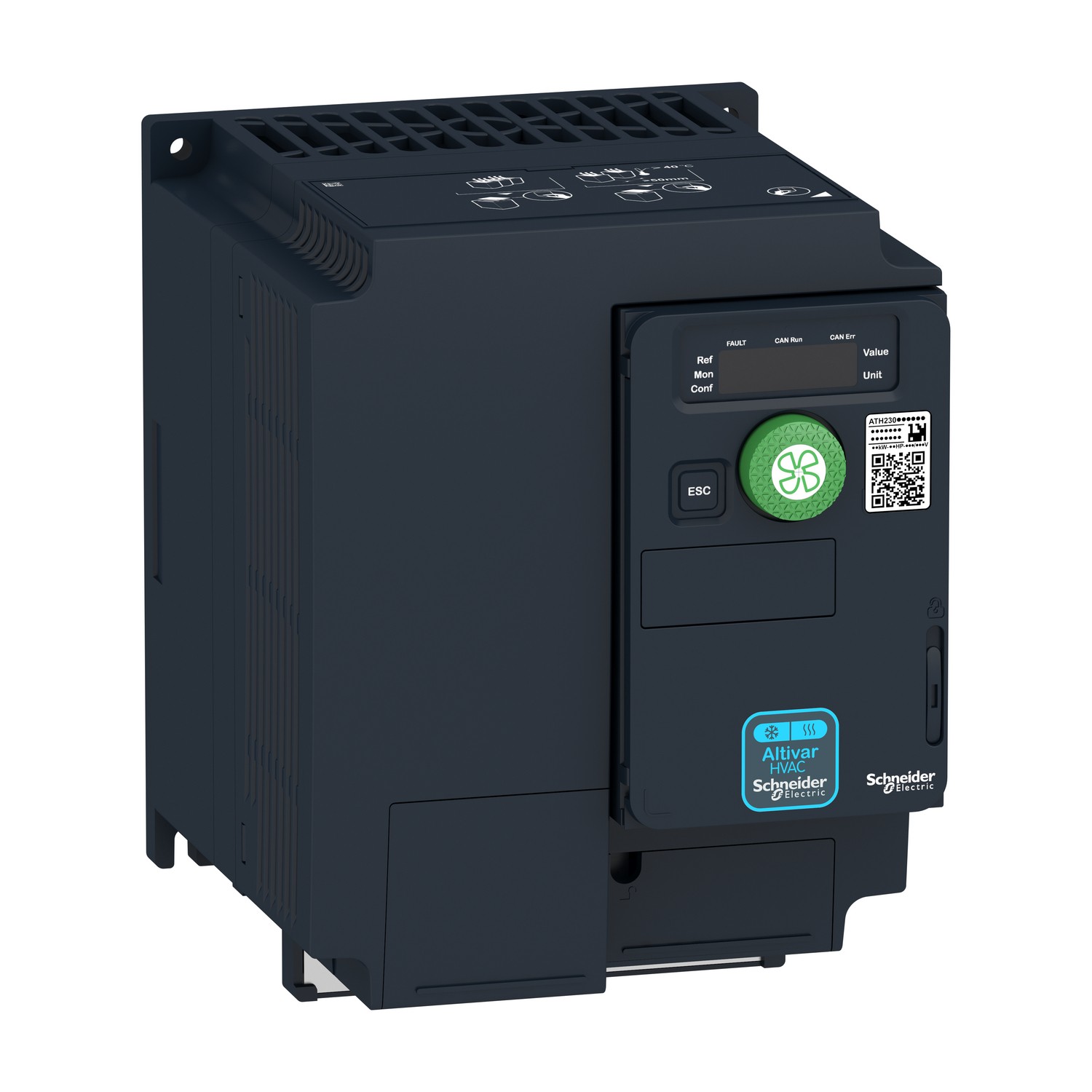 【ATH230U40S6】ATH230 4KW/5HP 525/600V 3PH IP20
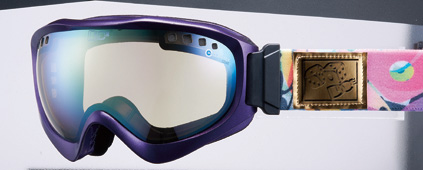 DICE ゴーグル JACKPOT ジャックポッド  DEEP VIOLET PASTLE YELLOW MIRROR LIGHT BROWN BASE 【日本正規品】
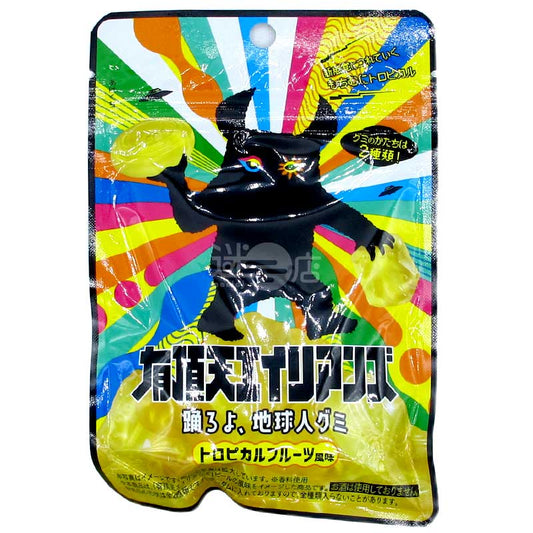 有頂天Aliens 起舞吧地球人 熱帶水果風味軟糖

** Task requirements **
The data needs to be reproduced exactly, please, apart from its pictures.

** Solved problem **
 【ATH230U40S6】ATH230 4KW/5HP 525/600V 3PH IP20
 DICE ゴーグル JACKPOT ジャックポッド  DEEP VIOLET PASTLE YELLOW MIRROR LIGHT BROWN BASE 【日本正規品】
 有頂天Aliens 起舞吧地球人 熱帶水果風味軟糖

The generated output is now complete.